Captioned web images
════════════════════

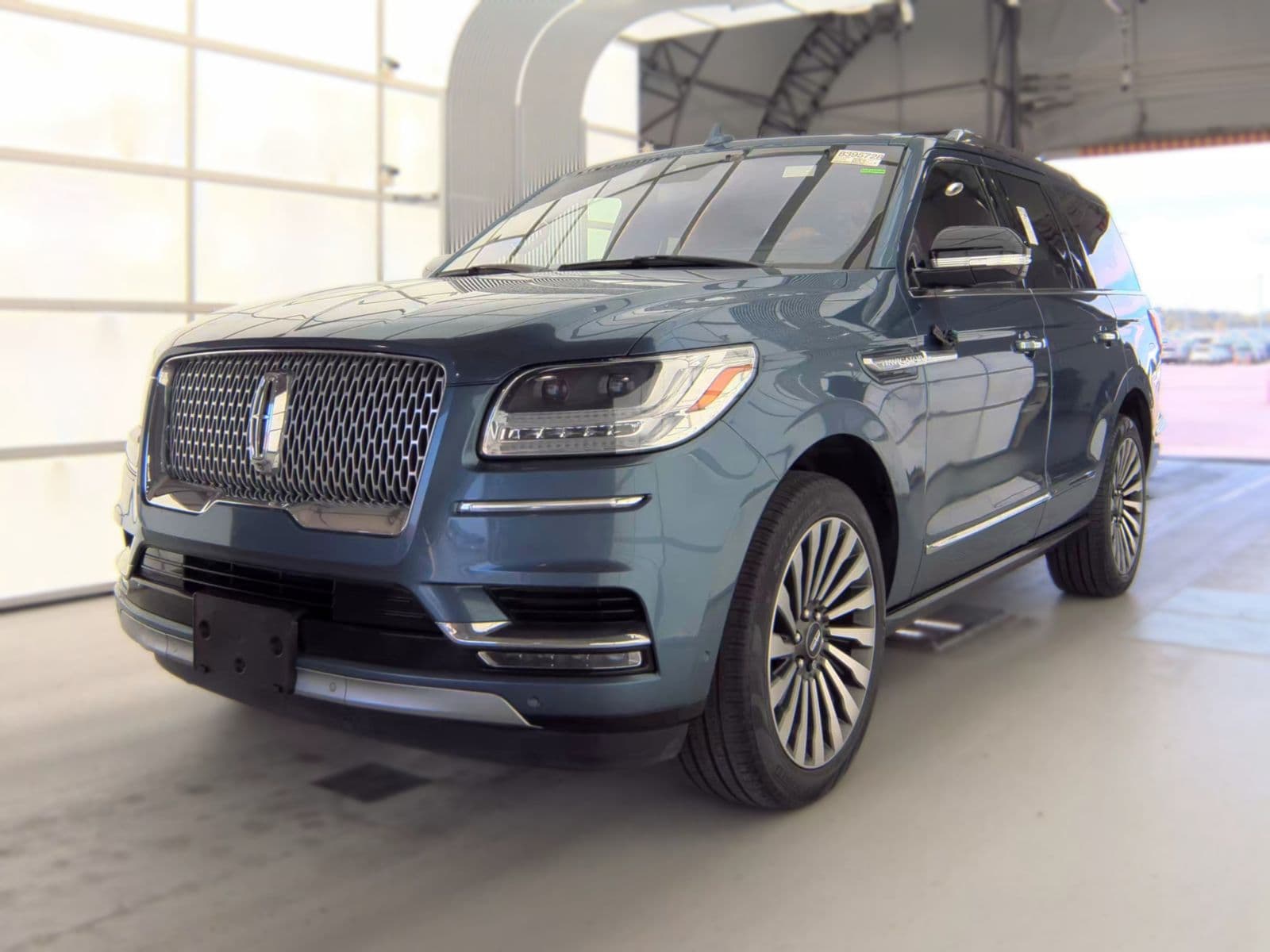 2019 LINCOLN NAVIGATOR Reserve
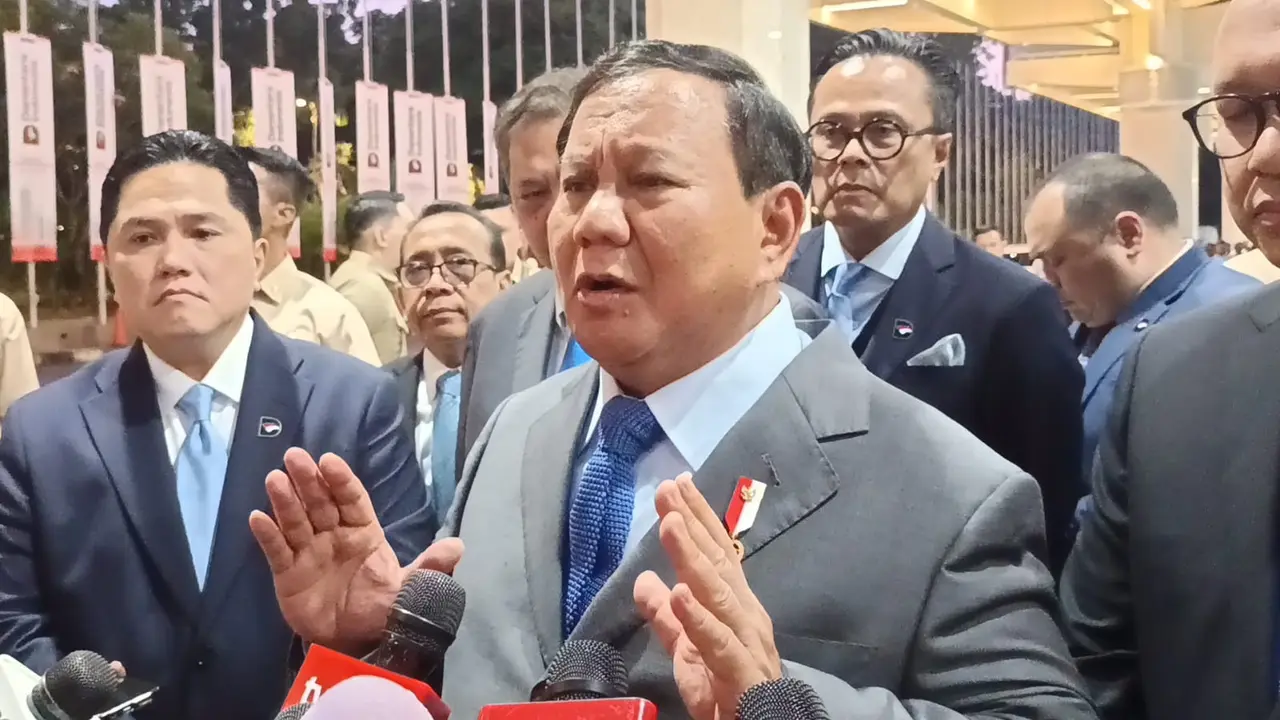 Presiden Prabowo Subianto usai  memberikan arahan tertutup kepada jajaran pimpiman Badan Pengelola Investasi (BPI) Daya Anagata Nusantara (Danantara) dan direksi BUMN dalam acara Town Jall Meeting Danantara di JCC Senayan.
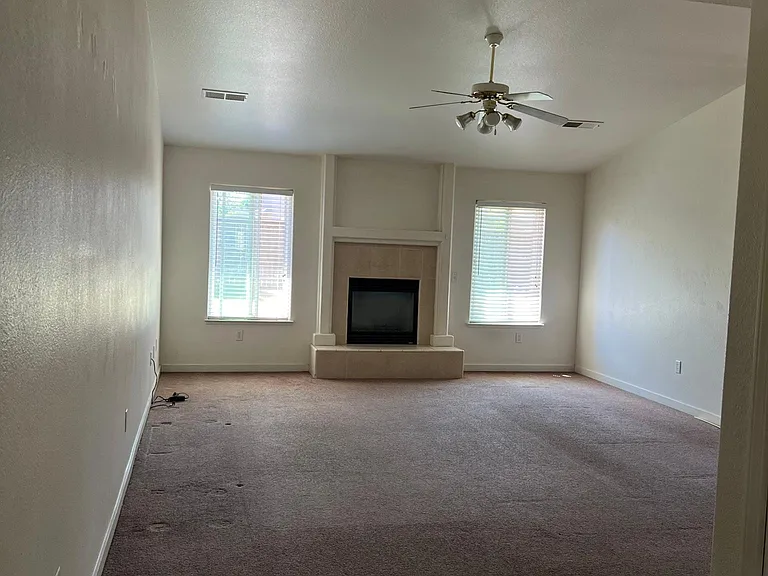 740 Harbor Dr — Photo 4
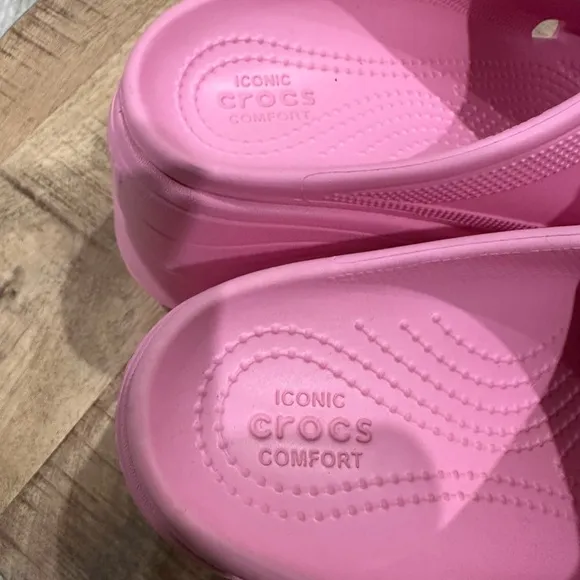 NEW ⭐️⭐️ CROCS SIREN Pink BOW CLOGS 210000 Platform Shoes Iconic Comfort Sz 7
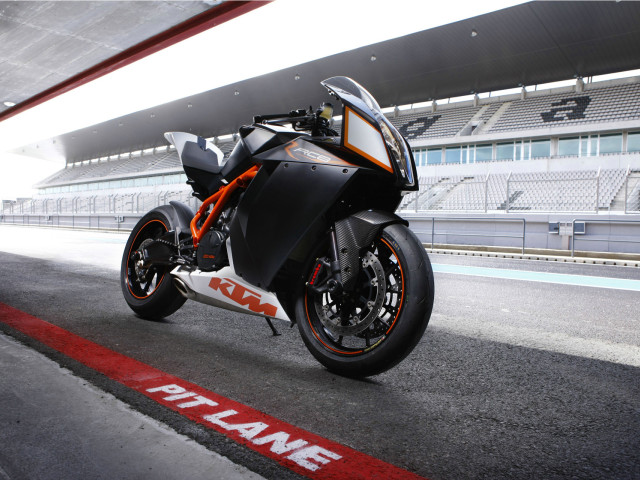 KTM 1190 RC8 R фото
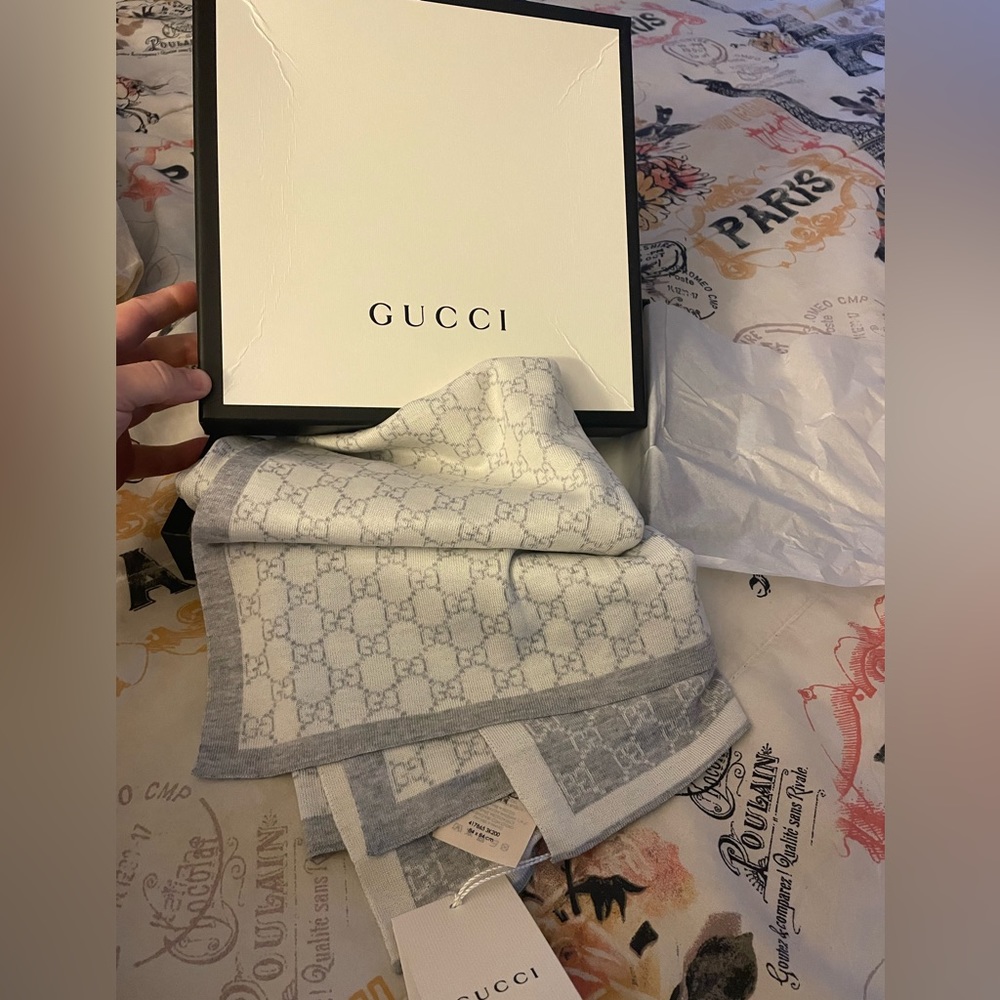 Gucci BRAND NEW BABY BLANKET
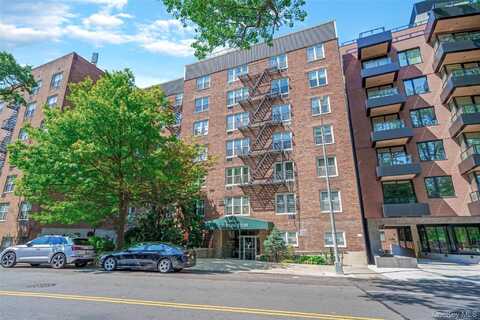 44-20 Douglaston Pkwy Douglaston Parkway, Little Neck, NY 11363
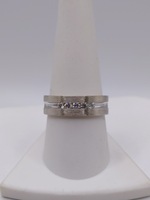  SIZE 9 14KT WHITE GOLD ~.15 TOTAL CARAT WT. 5-DIAMOND ACCENT BAND RING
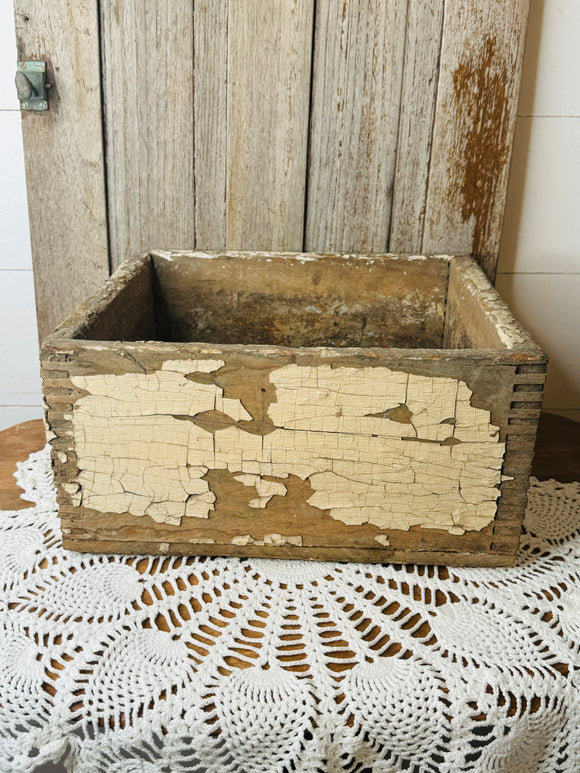 CHIPPY ARCHITECTURAL SALVAGE BOX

════════════════════

**Your task**: Exactly as written, please copy out the whole set of records, skipping images.

**Your response**:
 2019 LINCOLN NAVIGATOR Reserve
 Presiden Prabowo Subianto usai  memberikan arahan tertutup kepada jajaran pimpiman Badan Pengelola Investasi (BPI) Daya Anagata Nusantara (Danantara) dan direksi BUMN dalam acara Town Jall Meeting Danantara di JCC Senayan.
 740 Harbor Dr — Photo 4
 NEW ⭐️⭐️ CROCS SIREN Pink BOW CLOGS 210000 Platform Shoes Iconic Comfort Sz 7
 KTM 1190 RC8 R фото
 Gucci BRAND NEW BABY BLANKET
 44-20 Douglaston Pkwy Douglaston Parkway, Little Neck, NY 11363
  SIZE 9 14KT WHITE GOLD ~.15 TOTAL CARAT WT. 5-DIAMOND ACCENT BAND RING
 CHIPPY ARCHITECTURAL SALVAGE BOX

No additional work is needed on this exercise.